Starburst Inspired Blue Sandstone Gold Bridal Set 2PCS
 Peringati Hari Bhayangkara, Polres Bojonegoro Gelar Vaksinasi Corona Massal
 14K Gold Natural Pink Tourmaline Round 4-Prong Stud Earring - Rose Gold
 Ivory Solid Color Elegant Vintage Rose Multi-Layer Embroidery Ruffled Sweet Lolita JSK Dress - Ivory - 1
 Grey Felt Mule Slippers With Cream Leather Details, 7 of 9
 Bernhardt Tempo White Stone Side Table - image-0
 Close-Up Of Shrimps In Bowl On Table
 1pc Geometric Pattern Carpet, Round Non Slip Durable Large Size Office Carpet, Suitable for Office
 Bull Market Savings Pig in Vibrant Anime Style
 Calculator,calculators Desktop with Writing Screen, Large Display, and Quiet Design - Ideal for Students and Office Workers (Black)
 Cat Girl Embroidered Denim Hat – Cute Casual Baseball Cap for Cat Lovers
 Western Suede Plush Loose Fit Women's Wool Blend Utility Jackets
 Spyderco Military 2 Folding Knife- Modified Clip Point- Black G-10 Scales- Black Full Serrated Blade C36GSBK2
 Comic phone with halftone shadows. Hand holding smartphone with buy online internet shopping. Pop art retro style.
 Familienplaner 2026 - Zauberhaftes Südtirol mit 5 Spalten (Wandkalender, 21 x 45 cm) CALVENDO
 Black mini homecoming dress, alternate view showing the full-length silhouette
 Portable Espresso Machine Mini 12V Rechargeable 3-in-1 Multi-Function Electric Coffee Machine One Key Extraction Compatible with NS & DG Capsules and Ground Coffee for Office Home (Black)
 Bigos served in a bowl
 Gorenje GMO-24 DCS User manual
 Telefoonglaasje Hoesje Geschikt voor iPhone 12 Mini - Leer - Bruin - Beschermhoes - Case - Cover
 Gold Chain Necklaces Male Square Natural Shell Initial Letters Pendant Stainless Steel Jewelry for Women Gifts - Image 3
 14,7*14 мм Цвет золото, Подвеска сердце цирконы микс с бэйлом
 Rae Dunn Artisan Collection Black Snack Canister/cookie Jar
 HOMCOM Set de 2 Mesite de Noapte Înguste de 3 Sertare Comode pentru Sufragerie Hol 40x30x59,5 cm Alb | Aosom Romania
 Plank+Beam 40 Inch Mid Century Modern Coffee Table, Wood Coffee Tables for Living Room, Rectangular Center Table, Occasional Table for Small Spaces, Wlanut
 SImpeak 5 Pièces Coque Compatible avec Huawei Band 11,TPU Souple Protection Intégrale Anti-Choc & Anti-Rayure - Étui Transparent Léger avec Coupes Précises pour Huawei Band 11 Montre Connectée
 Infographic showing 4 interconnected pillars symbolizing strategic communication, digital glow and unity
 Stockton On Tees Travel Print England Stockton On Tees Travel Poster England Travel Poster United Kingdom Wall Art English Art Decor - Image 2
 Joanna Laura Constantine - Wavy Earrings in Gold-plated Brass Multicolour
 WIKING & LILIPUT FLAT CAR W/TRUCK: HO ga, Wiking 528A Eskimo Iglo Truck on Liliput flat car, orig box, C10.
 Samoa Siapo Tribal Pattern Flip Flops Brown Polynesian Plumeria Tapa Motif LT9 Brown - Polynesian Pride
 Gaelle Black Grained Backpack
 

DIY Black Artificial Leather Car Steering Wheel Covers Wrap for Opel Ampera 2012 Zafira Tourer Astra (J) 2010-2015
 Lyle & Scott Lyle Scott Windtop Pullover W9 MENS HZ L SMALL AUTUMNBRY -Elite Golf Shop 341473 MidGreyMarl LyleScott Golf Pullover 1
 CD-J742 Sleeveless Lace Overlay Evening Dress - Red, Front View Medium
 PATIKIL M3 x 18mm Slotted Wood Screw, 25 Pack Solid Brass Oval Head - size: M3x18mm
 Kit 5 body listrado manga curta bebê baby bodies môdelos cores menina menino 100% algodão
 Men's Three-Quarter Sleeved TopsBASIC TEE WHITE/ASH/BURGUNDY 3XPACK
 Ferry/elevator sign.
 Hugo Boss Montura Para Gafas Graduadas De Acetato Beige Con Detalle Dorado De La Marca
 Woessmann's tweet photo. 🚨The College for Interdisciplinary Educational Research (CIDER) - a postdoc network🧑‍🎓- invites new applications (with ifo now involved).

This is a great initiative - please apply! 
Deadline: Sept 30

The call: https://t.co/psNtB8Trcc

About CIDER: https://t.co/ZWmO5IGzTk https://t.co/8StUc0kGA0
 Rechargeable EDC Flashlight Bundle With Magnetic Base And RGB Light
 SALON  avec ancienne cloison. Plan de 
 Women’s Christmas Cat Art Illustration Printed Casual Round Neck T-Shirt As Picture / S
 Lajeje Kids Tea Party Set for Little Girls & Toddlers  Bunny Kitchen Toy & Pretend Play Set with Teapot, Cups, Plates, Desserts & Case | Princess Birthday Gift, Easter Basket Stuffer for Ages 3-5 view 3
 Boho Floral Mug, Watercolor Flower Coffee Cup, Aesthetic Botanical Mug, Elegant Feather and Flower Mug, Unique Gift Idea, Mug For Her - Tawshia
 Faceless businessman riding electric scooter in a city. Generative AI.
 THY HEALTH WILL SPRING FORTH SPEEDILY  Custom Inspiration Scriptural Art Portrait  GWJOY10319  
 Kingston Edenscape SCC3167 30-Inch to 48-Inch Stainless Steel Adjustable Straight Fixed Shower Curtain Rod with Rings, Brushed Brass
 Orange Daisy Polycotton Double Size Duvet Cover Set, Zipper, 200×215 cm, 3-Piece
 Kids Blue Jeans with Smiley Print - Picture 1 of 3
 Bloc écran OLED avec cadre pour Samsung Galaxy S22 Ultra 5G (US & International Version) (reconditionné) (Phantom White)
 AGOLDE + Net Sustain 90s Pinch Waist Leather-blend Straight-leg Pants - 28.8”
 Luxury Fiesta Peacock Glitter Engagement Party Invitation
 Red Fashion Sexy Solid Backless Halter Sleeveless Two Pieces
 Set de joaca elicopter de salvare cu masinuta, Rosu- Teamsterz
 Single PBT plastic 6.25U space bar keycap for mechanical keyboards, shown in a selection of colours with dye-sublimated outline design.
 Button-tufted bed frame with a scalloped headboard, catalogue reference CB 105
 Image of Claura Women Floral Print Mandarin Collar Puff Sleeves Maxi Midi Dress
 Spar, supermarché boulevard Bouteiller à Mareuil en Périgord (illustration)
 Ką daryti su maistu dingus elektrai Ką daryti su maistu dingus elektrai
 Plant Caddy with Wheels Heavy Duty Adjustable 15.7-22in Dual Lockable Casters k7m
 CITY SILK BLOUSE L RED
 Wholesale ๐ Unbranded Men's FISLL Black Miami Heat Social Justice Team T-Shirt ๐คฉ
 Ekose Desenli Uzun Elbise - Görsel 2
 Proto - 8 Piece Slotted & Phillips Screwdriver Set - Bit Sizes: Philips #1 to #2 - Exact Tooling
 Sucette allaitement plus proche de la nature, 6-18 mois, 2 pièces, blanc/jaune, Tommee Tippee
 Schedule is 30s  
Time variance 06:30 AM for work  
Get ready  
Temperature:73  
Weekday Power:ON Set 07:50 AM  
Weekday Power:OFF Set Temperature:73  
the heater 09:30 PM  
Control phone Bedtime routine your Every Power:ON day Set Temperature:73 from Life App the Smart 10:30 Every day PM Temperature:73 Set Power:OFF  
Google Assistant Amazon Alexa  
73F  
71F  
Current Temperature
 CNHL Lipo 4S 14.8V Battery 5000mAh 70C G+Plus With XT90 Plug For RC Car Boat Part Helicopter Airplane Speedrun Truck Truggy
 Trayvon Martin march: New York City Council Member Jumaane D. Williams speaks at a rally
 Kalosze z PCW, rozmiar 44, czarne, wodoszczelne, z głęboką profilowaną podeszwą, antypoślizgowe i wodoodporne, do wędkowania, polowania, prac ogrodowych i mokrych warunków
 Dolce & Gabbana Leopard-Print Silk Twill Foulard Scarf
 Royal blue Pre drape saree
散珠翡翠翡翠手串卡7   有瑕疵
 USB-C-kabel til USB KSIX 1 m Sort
----------------
Please return exactly the lines from the first line of the material through the one with "Familienplaner 2026 - Zauberhaftes", and no lines after it.

WRITTEN RESPONSE:
Starburst Inspired Blue Sandstone Gold Bridal Set 2PCS
 Peringati Hari Bhayangkara, Polres Bojonegoro Gelar Vaksinasi Corona Massal
 14K Gold Natural Pink Tourmaline Round 4-Prong Stud Earring - Rose Gold
 Ivory Solid Color Elegant Vintage Rose Multi-Layer Embroidery Ruffled Sweet Lolita JSK Dress - Ivory - 1
 Grey Felt Mule Slippers With Cream Leather Details, 7 of 9
 Bernhardt Tempo White Stone Side Table - image-0
 Close-Up Of Shrimps In Bowl On Table
 1pc Geometric Pattern Carpet, Round Non Slip Durable Large Size Office Carpet, Suitable for Office
 Bull Market Savings Pig in Vibrant Anime Style
 Calculator,calculators Desktop with Writing Screen, Large Display, and Quiet Design - Ideal for Students and Office Workers (Black)
 Cat Girl Embroidered Denim Hat – Cute Casual Baseball Cap for Cat Lovers
 Western Suede Plush Loose Fit Women's Wool Blend Utility Jackets
 Spyderco Military 2 Folding Knife- Modified Clip Point- Black G-10 Scales- Black Full Serrated Blade C36GSBK2
 Comic phone with halftone shadows. Hand holding smartphone with buy online internet shopping. Pop art retro style.
 Familienplaner 2026 - Zauberhaftes Südtirol mit 5 Spalten (Wandkalender, 21 x 45 cm) CALVENDO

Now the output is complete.